EXERCISE DETAILS>
Set down exactly the lines from the first line of the records through the line that contains "كلب ينقذ عائلة", and leave every picture out.

Short web captions:

<<<<

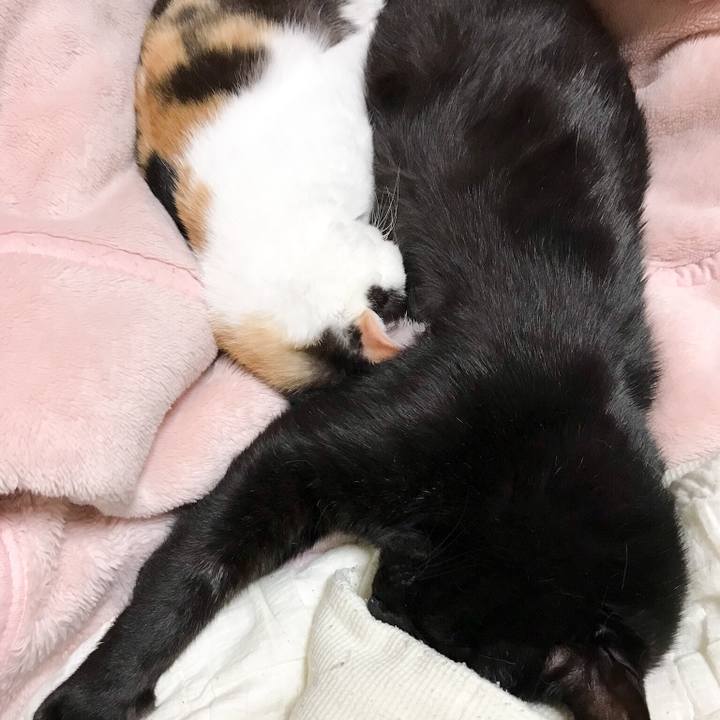 0afe7ebc 6bf9 437c b51d 655e8acf2759 1528554812483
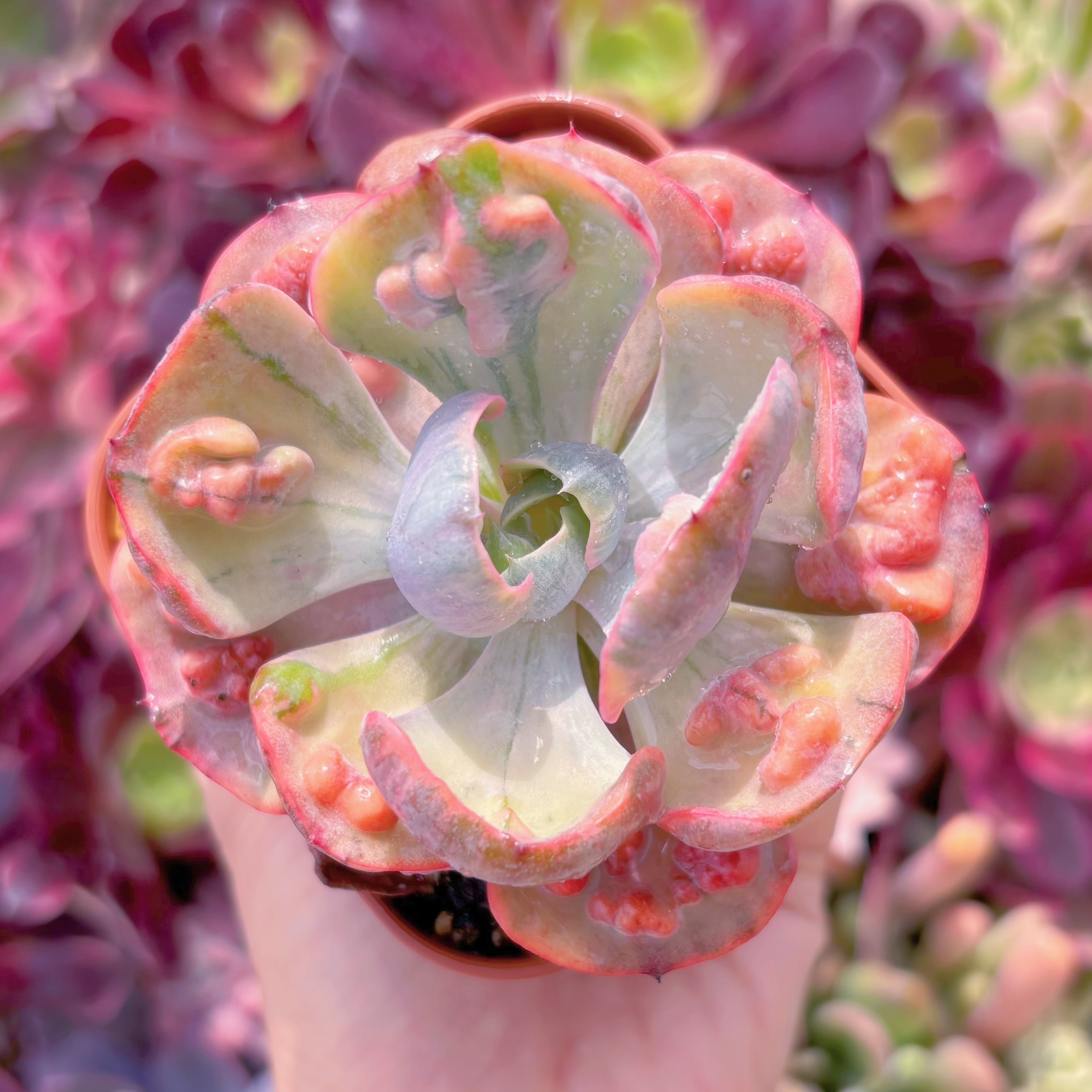 現品　ビヨンセ錦#704　るる農園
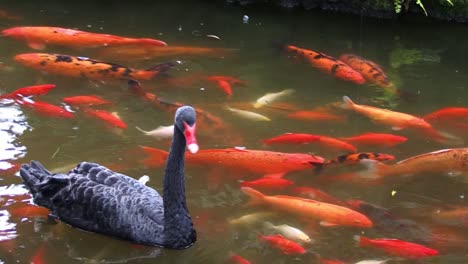 Cisnes-Negros-Y-Peces-Koi-En-El-Estanque-Junto-Al-Templo-Byodo-in,-Parque-Conmemorativo-Del-Valle-De-Los-Templos,-Kahaluu,-Oahu,-Hawaii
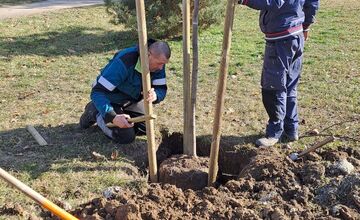 FOTO: Výsadba stromov v Partizánskom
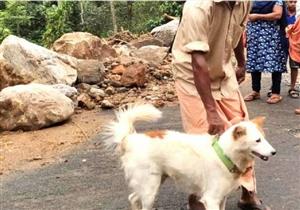 كلب ينقذ عائلة من الموت.. "تنبأ بكارثة طبيعية قبل وقوعها"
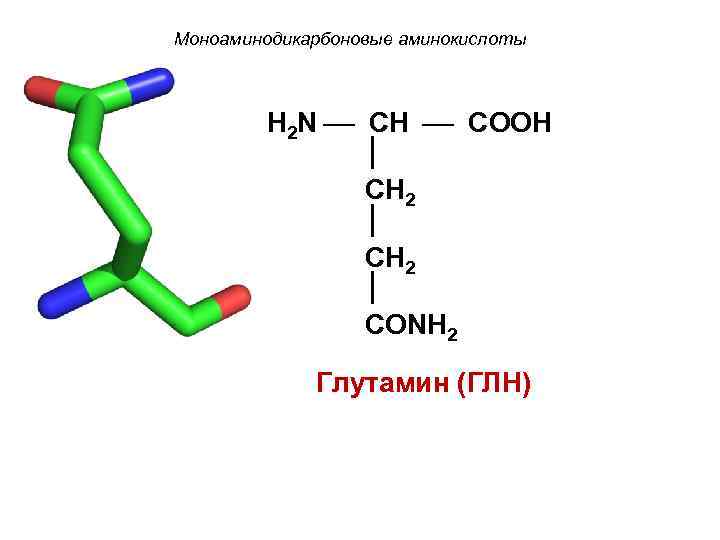 Моноаминодикарбоновые аминокислоты H 2 N CH COOH CH 2 CONH 2 Глутамин (ГЛН)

>>>>

WRITTEN ANSWER>
 0afe7ebc 6bf9 437c b51d 655e8acf2759 1528554812483
 現品　ビヨンセ錦#704　るる農園
 Cisnes-Negros-Y-Peces-Koi-En-El-Estanque-Junto-Al-Templo-Byodo-in,-Parque-Conmemorativo-Del-Valle-De-Los-Templos,-Kahaluu,-Oahu,-Hawaii
 FOTO: Výsadba stromov v Partizánskom
 كلب ينقذ عائلة من الموت.. "تنبأ بكارثة طبيعية قبل وقوعها"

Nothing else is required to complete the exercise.